*** Begin section ***

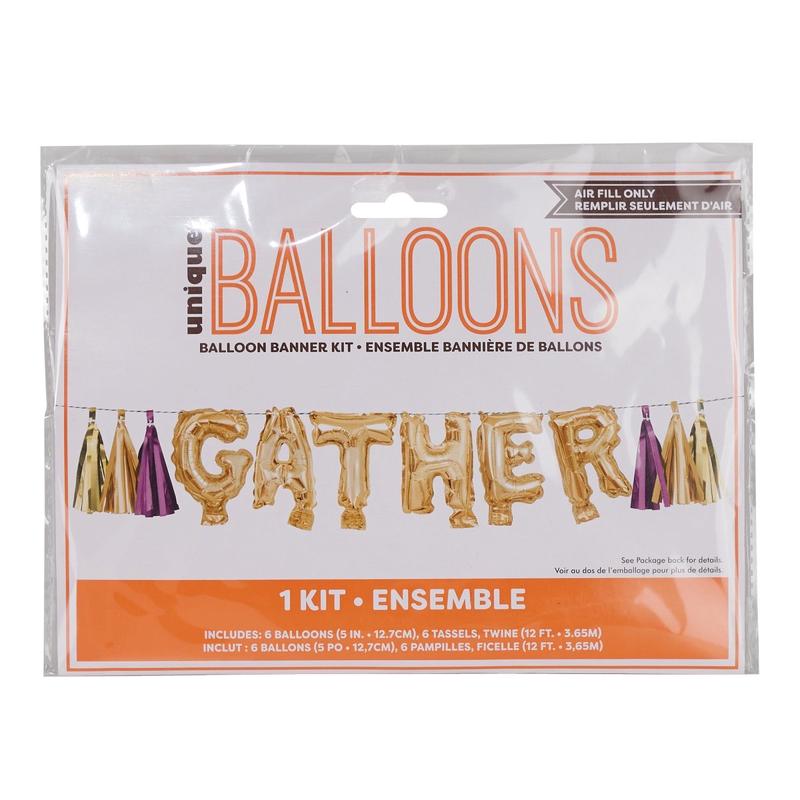 Friendsgiving Gather Balloon Banner with Tassel, 1 count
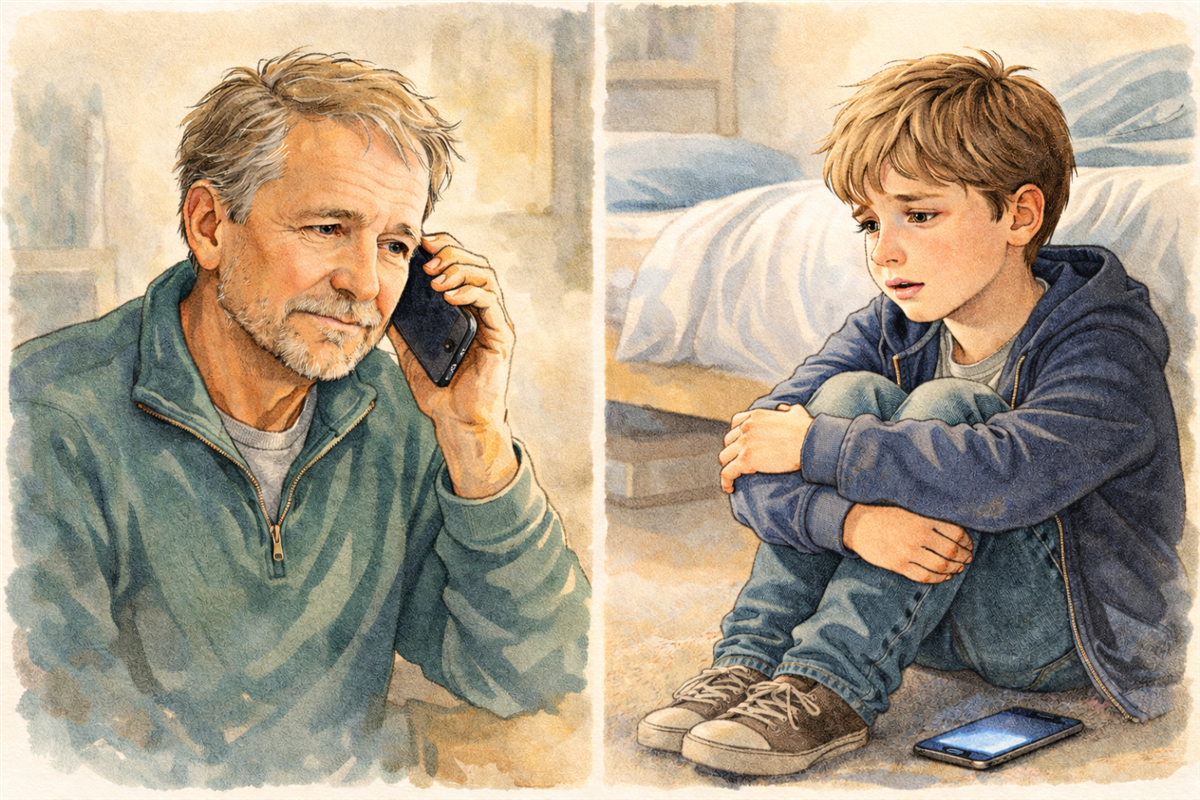 KI-generert bilde av en trist gutt som får hjelp og støtte av en forståelsesfull morfar gjennom telefonen. - Klikk for stort bilete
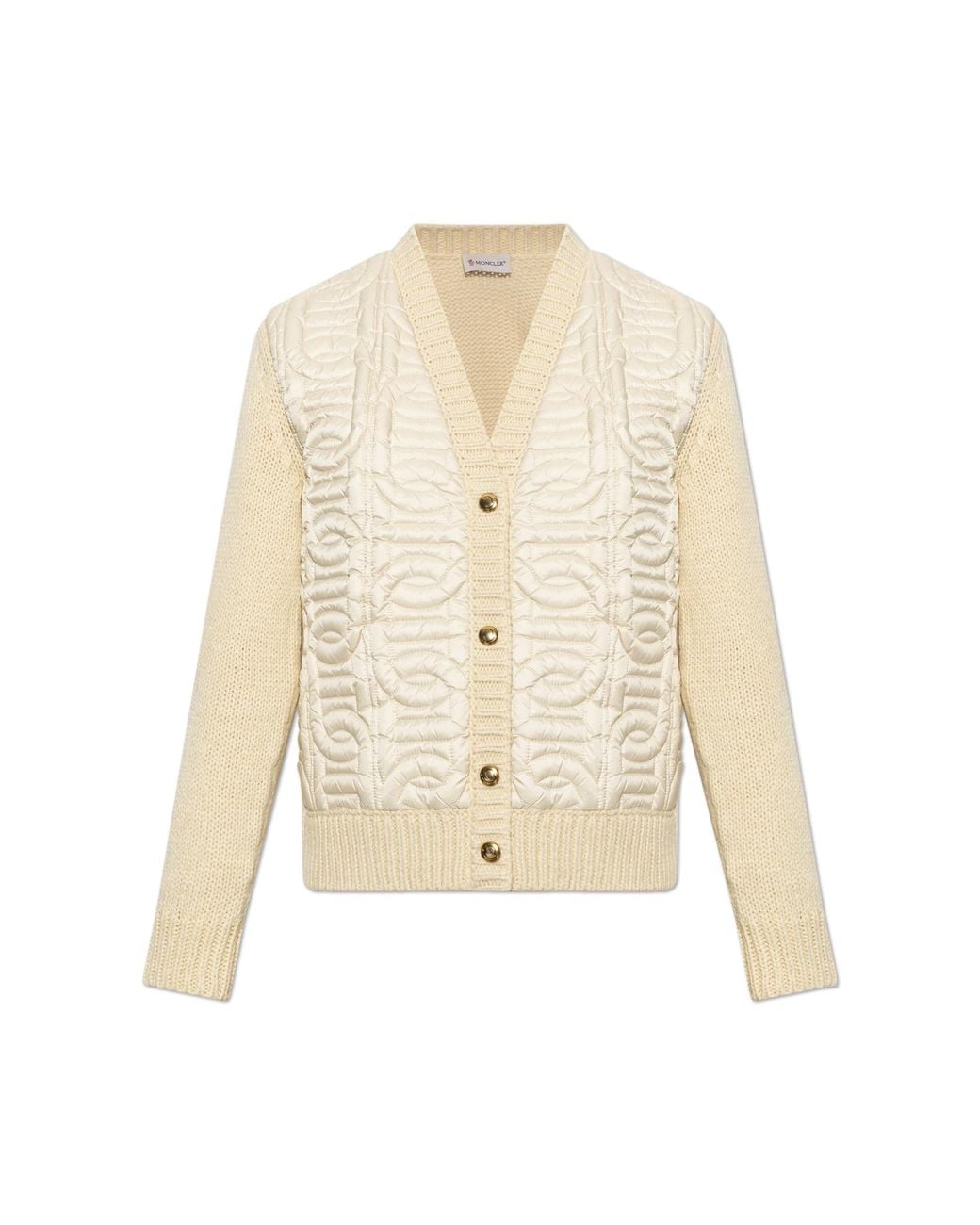 Moncler Natural Cardigan With Quilted Front
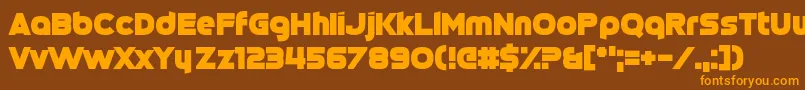 Weitere Informationen zur Cinqcent-Schriftart Cinqcent-Schriftart – Orangefarbene Schriften auf braunem Hintergrund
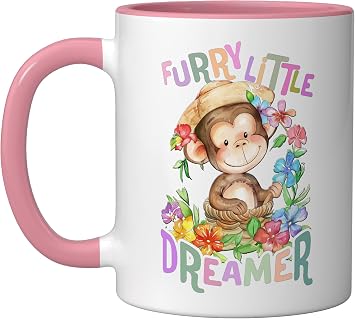 baby monkey with flowers little dreamer ape monkeys daughter Ceramic Mug, Pink/White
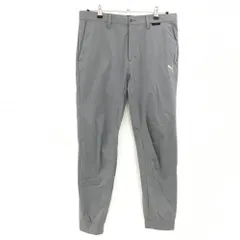 【超美品】プーマ ジョガーパンツ グレー×黒 ウエスト後ろゴム 立体ロゴ メンズ L ゴルフウェア PUMA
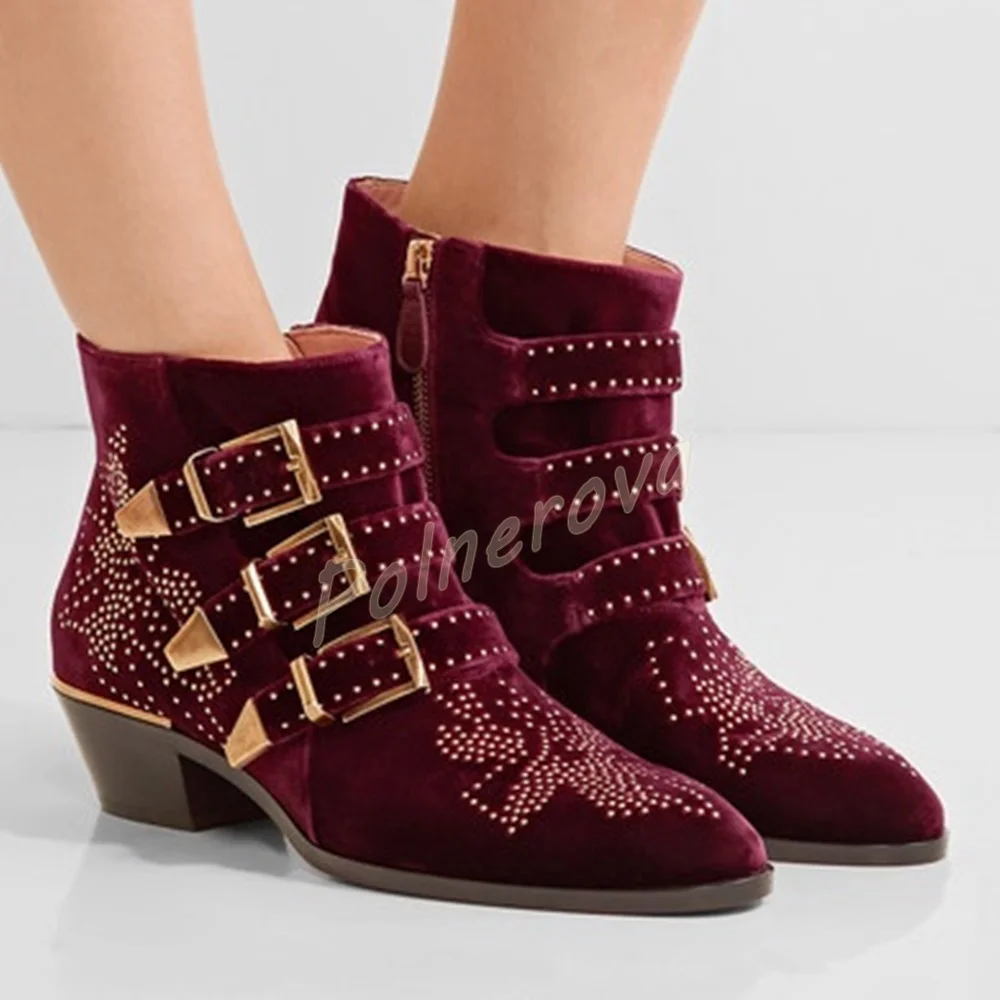 Rivet Multi Buckle Ankle Boots Pointed Toe Block Heel Side Zipper Western Cowboy Short Boots Studded Fashion Daily Ladies Shoes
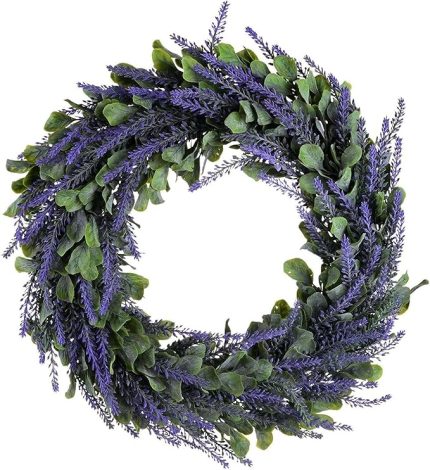 Yapay çelenk, kapı çelengi 17 lavanta bahar çelengi, yuvarlak çelenk, ev kapısı için, yaşam kültürü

*** End section ***

## Activity
Reproduce the listing exactly, but keep its images out of the copy.

## Result for this exercise
 Friendsgiving Gather Balloon Banner with Tassel, 1 count
 KI-generert bilde av en trist gutt som får hjelp og støtte av en forståelsesfull morfar gjennom telefonen. - Klikk for stort bilete
 Moncler Natural Cardigan With Quilted Front
 Weitere Informationen zur Cinqcent-Schriftart Cinqcent-Schriftart – Orangefarbene Schriften auf braunem Hintergrund
 baby monkey with flowers little dreamer ape monkeys daughter Ceramic Mug, Pink/White
 【超美品】プーマ ジョガーパンツ グレー×黒 ウエスト後ろゴム 立体ロゴ メンズ L ゴルフウェア PUMA
 Rivet Multi Buckle Ankle Boots Pointed Toe Block Heel Side Zipper Western Cowboy Short Boots Studded Fashion Daily Ladies Shoes
 Yapay çelenk, kapı çelengi 17 lavanta bahar çelengi, yuvarlak çelenk, ev kapısı için, yaşam kültürü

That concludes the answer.